*** ENTRIES PROVIDED

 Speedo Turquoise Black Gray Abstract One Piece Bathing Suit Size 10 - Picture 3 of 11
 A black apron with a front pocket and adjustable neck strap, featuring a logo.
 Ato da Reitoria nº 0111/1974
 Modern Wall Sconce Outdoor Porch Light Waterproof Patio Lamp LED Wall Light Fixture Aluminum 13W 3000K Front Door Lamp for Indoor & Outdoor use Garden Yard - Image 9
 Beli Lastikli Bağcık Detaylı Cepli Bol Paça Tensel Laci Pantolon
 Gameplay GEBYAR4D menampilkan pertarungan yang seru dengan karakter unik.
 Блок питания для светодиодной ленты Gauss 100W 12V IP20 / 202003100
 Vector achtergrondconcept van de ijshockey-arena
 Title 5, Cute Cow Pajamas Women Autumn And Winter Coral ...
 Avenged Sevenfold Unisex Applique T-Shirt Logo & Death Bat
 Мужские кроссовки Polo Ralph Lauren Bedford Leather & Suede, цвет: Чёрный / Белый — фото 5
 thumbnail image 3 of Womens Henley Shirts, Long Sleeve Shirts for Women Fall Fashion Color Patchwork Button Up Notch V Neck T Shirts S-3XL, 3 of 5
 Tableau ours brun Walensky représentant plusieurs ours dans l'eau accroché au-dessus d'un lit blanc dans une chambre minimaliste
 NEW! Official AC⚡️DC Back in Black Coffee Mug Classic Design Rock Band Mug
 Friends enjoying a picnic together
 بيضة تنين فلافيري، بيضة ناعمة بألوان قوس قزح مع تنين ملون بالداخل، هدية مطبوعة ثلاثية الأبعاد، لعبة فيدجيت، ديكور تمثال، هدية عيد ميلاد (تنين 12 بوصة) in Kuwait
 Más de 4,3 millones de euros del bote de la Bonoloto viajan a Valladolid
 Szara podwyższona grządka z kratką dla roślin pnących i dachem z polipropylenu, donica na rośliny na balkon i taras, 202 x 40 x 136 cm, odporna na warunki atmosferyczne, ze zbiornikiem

******

WORK TASK >>
Your output should be the lines from the one with "Avenged Sevenfold Unisex" through the end of the records above, copied exactly.

TASK SOLUTION >>
 Avenged Sevenfold Unisex Applique T-Shirt Logo & Death Bat
 Мужские кроссовки Polo Ralph Lauren Bedford Leather & Suede, цвет: Чёрный / Белый — фото 5
 thumbnail image 3 of Womens Henley Shirts, Long Sleeve Shirts for Women Fall Fashion Color Patchwork Button Up Notch V Neck T Shirts S-3XL, 3 of 5
 Tableau ours brun Walensky représentant plusieurs ours dans l'eau accroché au-dessus d'un lit blanc dans une chambre minimaliste
 NEW! Official AC⚡️DC Back in Black Coffee Mug Classic Design Rock Band Mug
 Friends enjoying a picnic together
 بيضة تنين فلافيري، بيضة ناعمة بألوان قوس قزح مع تنين ملون بالداخل، هدية مطبوعة ثلاثية الأبعاد، لعبة فيدجيت، ديكور تمثال، هدية عيد ميلاد (تنين 12 بوصة) in Kuwait
 Más de 4,3 millones de euros del bote de la Bonoloto viajan a Valladolid
 Szara podwyższona grządka z kratką dla roślin pnących i dachem z polipropylenu, donica na rośliny na balkon i taras, 202 x 40 x 136 cm, odporna na warunki atmosferyczne, ze zbiornikiem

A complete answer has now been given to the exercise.